Media Monitoring Africa noted what a raw deal young people were getting in the media. So, the organisation has embarked on a course of action that is galvanising the country’s youth, explains Ayabulela Poro.
People often ask us, “Instead of creating a children’s news agency, why didn’t you create a school magazine?” Our response is simple – children’s issues need to be heard on a national level.
Every Monday morning, staff at Media Monitoring Africa (MMA) gather in the organisation’s boardroom. After the coffee beans have been ground, conversations around the previous week’s news, largely revolving around politics and everything media-related, ensue. Needless to say, the debates are often heated.
It is then the responsibility of the chairperson to skilfully steer the meeting on to other items on the agenda, including Mad Oat (MMA’s Make Abuse Disappear Online Accountability Tool) that examines the portrayal of children in the media on a weekly basis. This provides an opportunity to focus not only on problems, but also one some of the best stories on children. While we have seen and continue to see some compelling stories on children, there is still room for improvement.
Sitting in these meetings, it is astonishing to hear about a news story that is supposed to be about a child, but the actual child was not contacted for his views on the issues or the story. When we look deeper into the coverage* of children in our country’s media, we find that not only are we not hearing children’s voices but also issues affecting them are taking a back seat. Only 12% of news media reports focus on issues directly affecting children, who make up 39% of our population. Given that our country has a youthful population, this doesn’t make sense from a business perspective, let alone on an ethical level.
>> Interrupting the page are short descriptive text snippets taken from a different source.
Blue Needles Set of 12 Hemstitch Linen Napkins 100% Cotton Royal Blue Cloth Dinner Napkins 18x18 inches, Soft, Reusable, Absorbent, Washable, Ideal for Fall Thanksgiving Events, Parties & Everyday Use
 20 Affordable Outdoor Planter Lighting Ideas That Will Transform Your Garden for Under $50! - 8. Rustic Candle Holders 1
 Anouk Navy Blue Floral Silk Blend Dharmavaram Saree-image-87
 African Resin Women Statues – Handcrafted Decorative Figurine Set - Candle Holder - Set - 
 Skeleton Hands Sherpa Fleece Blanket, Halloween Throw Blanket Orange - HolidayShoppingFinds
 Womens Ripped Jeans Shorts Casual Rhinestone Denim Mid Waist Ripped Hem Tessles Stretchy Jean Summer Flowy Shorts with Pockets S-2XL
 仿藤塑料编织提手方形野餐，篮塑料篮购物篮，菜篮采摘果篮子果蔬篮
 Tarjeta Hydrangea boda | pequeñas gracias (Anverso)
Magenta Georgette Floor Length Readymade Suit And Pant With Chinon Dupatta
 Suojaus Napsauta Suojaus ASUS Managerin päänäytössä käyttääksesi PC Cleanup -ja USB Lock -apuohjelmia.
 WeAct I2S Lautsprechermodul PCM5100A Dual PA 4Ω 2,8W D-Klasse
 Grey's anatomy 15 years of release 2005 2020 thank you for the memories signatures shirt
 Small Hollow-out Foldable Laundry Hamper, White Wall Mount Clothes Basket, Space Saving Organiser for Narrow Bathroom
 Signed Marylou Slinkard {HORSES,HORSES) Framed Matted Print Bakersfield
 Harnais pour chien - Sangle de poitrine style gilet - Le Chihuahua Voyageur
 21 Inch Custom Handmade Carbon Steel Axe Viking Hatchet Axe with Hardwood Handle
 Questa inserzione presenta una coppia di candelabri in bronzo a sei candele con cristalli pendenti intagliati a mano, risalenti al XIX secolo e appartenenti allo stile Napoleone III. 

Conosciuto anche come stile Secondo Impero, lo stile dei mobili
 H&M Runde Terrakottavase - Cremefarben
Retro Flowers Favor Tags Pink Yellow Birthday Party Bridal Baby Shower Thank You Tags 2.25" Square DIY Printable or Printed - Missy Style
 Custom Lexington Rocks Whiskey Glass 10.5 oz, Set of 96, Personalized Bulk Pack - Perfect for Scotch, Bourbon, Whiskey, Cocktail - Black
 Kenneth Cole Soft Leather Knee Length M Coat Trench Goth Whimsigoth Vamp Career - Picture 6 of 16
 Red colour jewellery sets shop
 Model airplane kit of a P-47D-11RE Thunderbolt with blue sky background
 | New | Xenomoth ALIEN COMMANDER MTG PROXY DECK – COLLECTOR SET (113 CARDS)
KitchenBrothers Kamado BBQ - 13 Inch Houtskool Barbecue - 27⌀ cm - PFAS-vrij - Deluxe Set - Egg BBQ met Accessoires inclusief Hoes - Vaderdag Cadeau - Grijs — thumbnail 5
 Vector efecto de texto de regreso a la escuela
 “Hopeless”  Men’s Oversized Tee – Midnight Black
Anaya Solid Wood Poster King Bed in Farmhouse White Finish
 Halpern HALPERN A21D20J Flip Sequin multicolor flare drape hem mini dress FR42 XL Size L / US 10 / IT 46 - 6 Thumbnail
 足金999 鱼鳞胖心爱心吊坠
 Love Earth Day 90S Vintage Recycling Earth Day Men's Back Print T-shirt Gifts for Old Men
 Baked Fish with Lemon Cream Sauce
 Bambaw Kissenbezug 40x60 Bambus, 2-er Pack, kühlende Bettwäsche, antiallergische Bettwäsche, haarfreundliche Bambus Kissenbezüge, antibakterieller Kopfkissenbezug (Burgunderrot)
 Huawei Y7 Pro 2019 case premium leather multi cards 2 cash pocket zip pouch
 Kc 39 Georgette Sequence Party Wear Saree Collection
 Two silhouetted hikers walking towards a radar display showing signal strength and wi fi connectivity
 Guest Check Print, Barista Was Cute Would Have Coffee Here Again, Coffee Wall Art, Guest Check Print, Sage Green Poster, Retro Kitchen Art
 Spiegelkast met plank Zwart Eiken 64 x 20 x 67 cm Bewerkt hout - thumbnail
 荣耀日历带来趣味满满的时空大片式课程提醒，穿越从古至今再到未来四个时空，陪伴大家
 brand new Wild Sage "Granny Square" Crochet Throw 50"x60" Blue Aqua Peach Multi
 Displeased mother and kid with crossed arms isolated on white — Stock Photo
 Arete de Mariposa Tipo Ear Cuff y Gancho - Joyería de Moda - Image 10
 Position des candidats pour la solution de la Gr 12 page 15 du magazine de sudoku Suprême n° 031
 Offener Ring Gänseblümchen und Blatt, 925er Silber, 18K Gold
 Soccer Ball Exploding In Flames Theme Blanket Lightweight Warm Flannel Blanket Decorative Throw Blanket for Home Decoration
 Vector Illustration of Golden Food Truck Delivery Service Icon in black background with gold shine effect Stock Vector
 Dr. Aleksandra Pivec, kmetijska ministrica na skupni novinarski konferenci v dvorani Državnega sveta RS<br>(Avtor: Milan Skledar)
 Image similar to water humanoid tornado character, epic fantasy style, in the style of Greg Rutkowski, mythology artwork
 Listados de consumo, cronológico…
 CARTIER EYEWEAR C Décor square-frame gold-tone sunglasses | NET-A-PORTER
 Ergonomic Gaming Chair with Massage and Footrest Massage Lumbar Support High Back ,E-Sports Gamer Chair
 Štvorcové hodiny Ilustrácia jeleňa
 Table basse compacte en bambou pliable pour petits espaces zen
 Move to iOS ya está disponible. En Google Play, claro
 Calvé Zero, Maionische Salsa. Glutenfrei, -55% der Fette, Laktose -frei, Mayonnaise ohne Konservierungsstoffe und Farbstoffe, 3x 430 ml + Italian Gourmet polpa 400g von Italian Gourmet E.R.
What does this mean for a country like ours? If an artist were to illustrate it, South Africa might well be represented as a figure taking a leap into a bleak future, having neglected the present. Logic tells us that, if we want to create a better future for our country and for ourselves, we have to focus on issues affecting children. To do this, we need to find solutions to problems, but also apply political will and engage children in our discourse. Let them have access to basic rights, right to freedom of expression and to have their voices heard on matters that affect them. Somehow, despite a few pockets of excellence, we don’t seem to be doing this adequately on a media level. These are some of the reasons for establishing MMA’s Children’s News Agency (CNA).
Although one of the bigger components, CNA is just part of a more comprehensive MMA project known as, ’Children and Media: Championing Best Practice’, aimed at enhancing children’s voices and their participation in the media. The project, together and in its individual components, engages both children and the media.
Established in 2011, the agency is a first of its kind in South Africa. As part of the initiative, children are trained on a continuous basis as child journalists producing content for mainstream print and, more recently, broadcast media. Since its inception, the agency has published 20 articles in mainstream print media. Our child journalists have reported on some of the most intriguing and eye-opening subjects, including HIV testing in schools, the publication of matric results and the detention of child migrants in South Africa.
The project works with children between the ages of 15 and 17 from three high schools in Johannesburg: Parktown, Greenside and Barnato Park, giving them lessons and invaluable exposure to journalism and the newsroom environment.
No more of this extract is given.